The film takes place on a small, isolated island where Johan, a painter accompanied by his wife Alma, has set up home to work on his art. Johan's fragile mental state, given to bouts of moodiness and plagued by vivid dreams of nightmarish creatures, is weakened further when the couple are courted by the mysterious Baron and his eccentric entourage. These unwelcome guests in the lives of Johan and Alma are not so benevolent as first appears, in fact they may not even be human...
On the face of it, Hour of the Wolf is an abstract and difficult film, but early on in the film, Liv Ullman's character Alma reveals a clue to the audience when she posits a theory that over time, lovers can come to mirror each other, even sharing their very thoughts. And demons. For Bergman, being an artist is a dangerous business, a constant wrestle for control over the spectres of self-doubt, flagging creativity and humiliation. The film shot like a surreal Gothic Horror, is full of strange, hallucinatory images - the corpse of a murdered boy sinking into the depths of the sea, a man walking on a ceiling, and a corridor full of frenzied, flapping pigeons. Bergman's perennial cameraman Sven Nykvist's work here is utterly extraordinary, lighting faces so they resemble the rugged surfaces of the rocky island.
If you're looking to discover the work of Ingmar Bergman, Hour of the Wolf may present an enormous challenge - instead stick with conventional wisdom and see The Seventh Seal first. But if this is a Bergman you've missed in the past, the film is highly recommended. If you bear the weight of such heavy drama, the film makes for a fascinating double-bill with Lars Von Trier's Antichrist, both sharing some interesting parallels with one another.

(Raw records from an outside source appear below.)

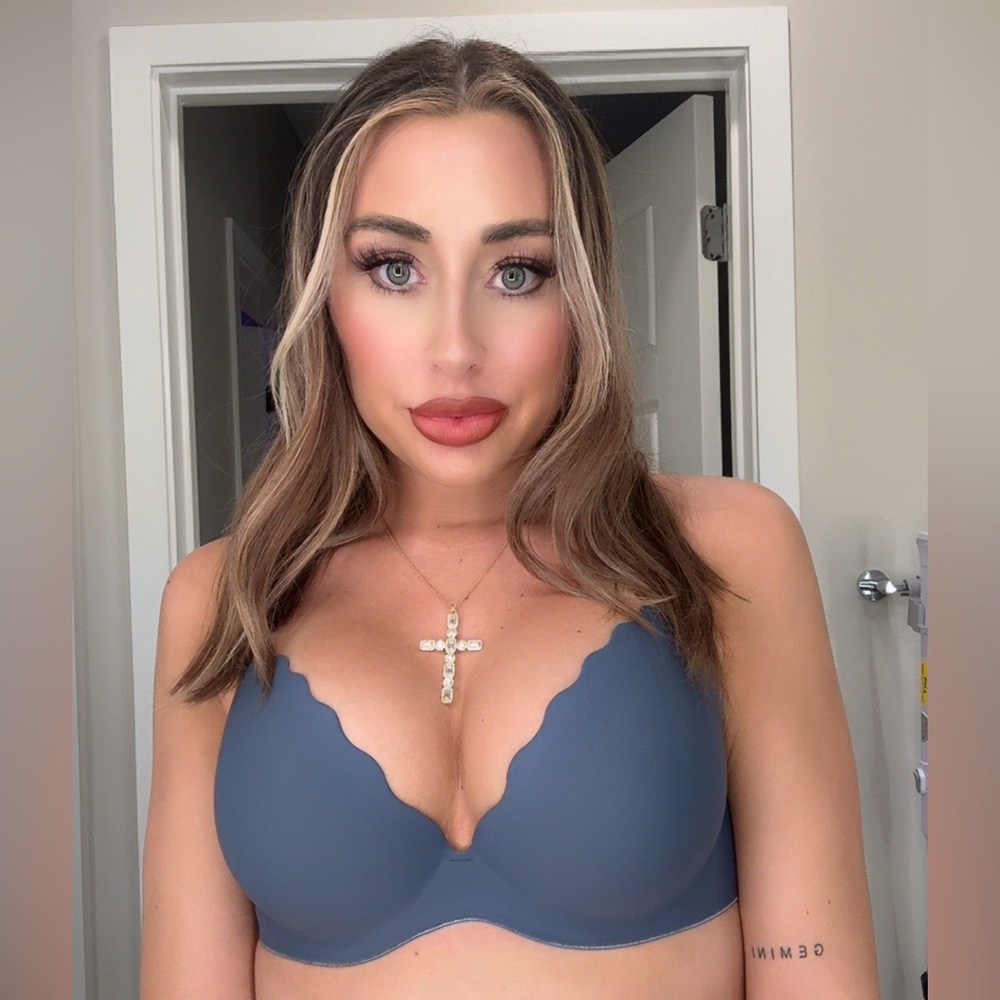 Blue Scalloped Bra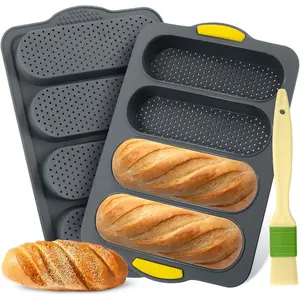2 Pack Silicone French Bread Loaf Pan - 4 Hole Non-Stick Reusable Easy Release Baking Tool for Homemade French Bread, Rolls & Romantic Dinner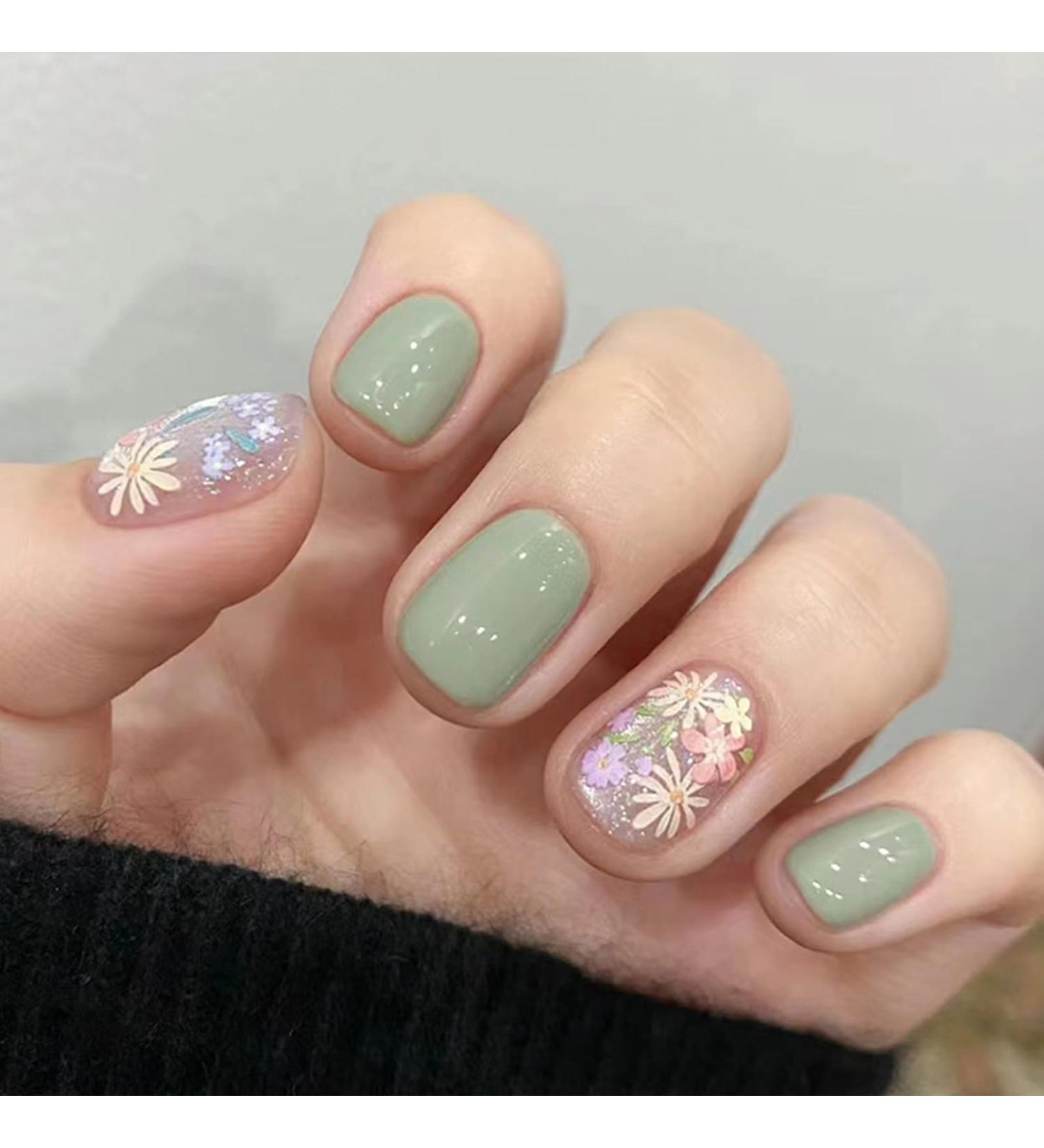 24-Piece Short Press On Nails - Angular Flower Design Full Cover French Acrylics for DIY Manicure - Perfect for Women & Girls - Buy Online on GoSupps.com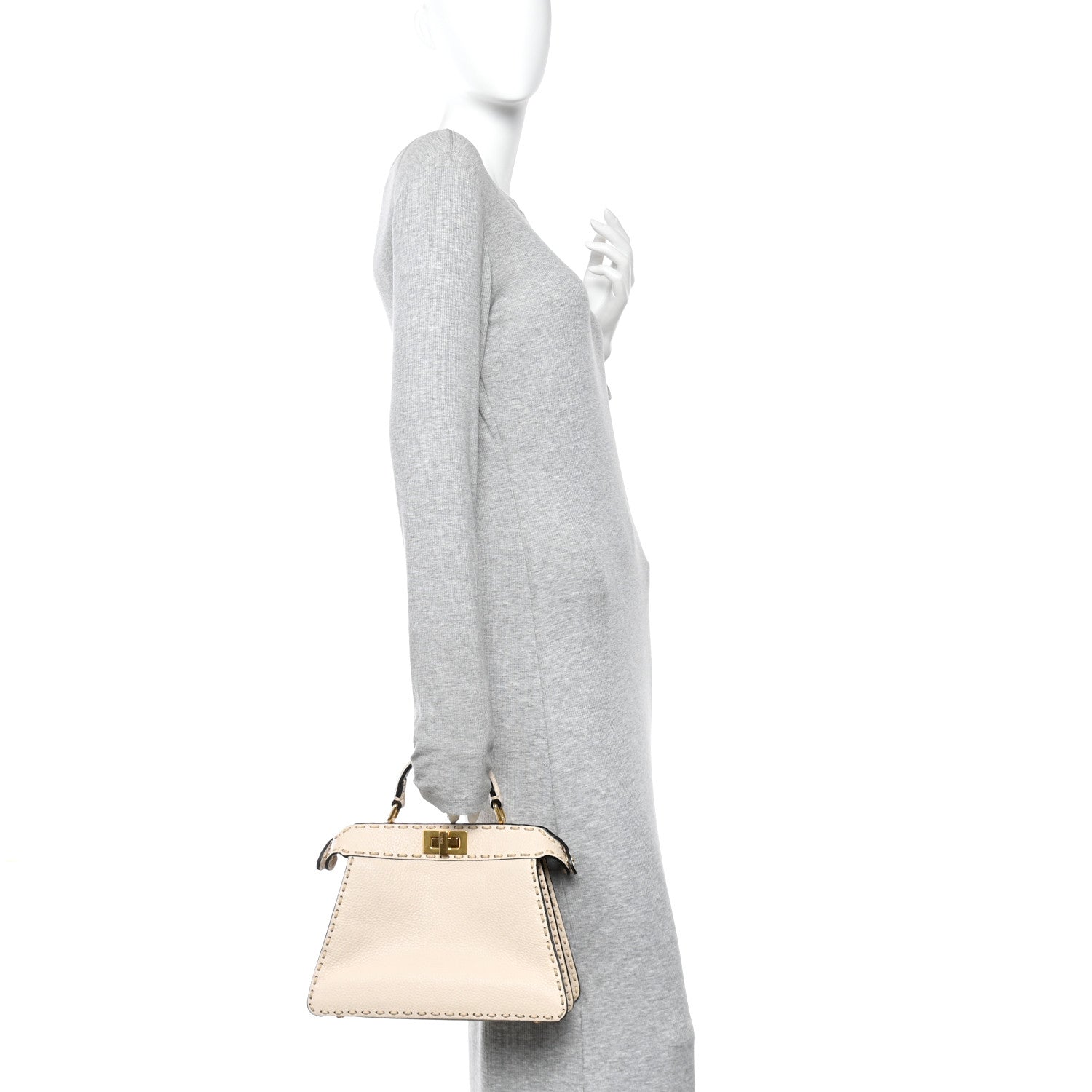 Cuoio Roma Sellerissima Nappa Sintetica Tape Stitch Small Peekaboo I SEE U Satchel Camelia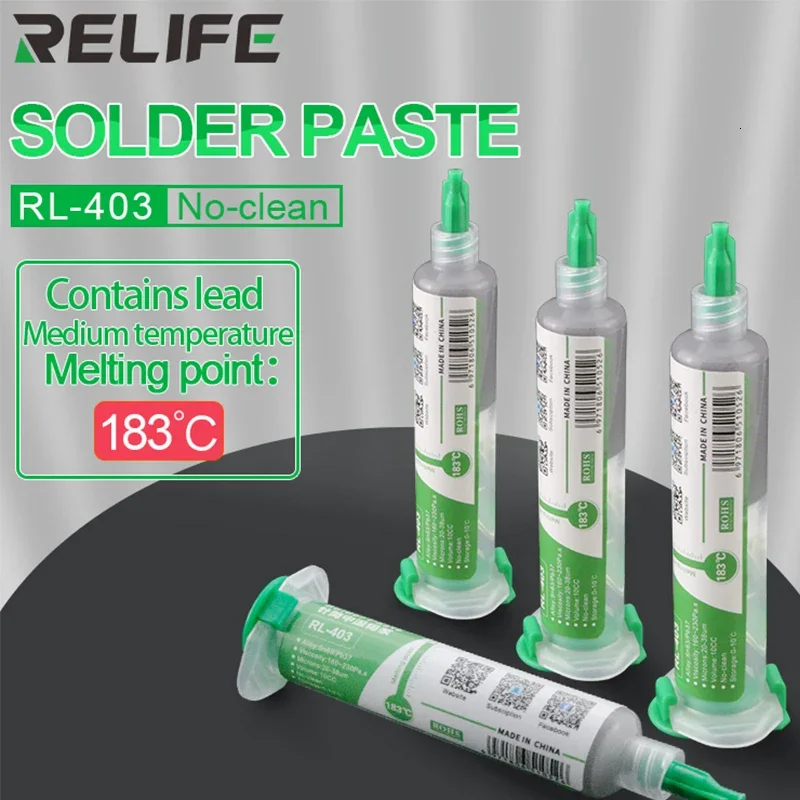 RELIFE-Seringa De Flux De Pasta De Solda Sem Limpo, RL-403, BGA, 183 Graus, 10CC, Sn63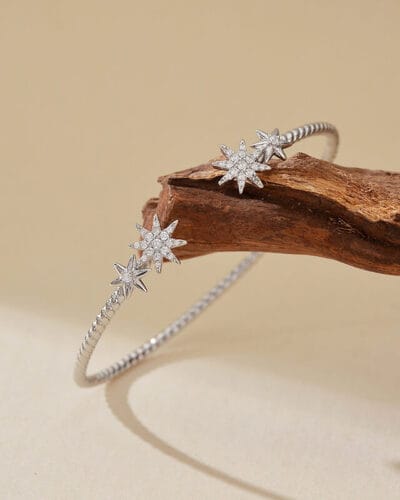 Starburst 925 Sterling Silver Cable Bracelet WHITE GOLD PLATED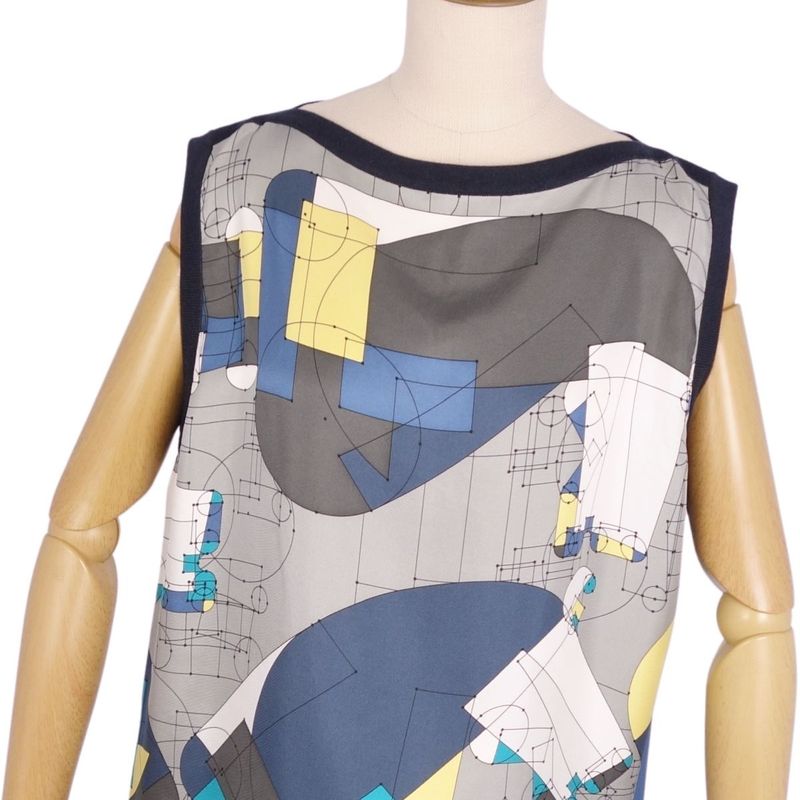 Hermes Dress Tunic Sleeveless Silk Cut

MGM's DVD of Hour of the Wolf, available as part of their Ingmar Bergman Collection, or on its own, presents the film in its original full-frame ratio. The b/w image is good, grainy at times but sharp nonetheless. It's not up to the standard of Criterion's Bergman discs but it should suffice. The audio is quite standard, but the Swedish dialogue is free from hiss and distortion, and Lars Johan Werle's sparse avant garde score is well represented. Subtitles are offered in English, French and Spanish. The R1 disc (unlike its barbones R2 counterpart) has some interesting extras - a short feature on the film, interviews with Liv Ullmann and Erland Josephson, and a commentary by Bergman scholar, Marc Gervais. The disc is rounded out with the inclusion of two stills galleries
I have seen little Bergman - though I'm not adverse to it at all. Somewhere - here, or The Nostalgic Attic - there was another post about this movie, and in my usual goofy way - I posted a link to a YouTube clip of the satire series SCTV and their Bergman spoof - Whispers of the Wolf - which in the show is mistakenly shown as the week's horror movie on Monster Chiller Horror Theater.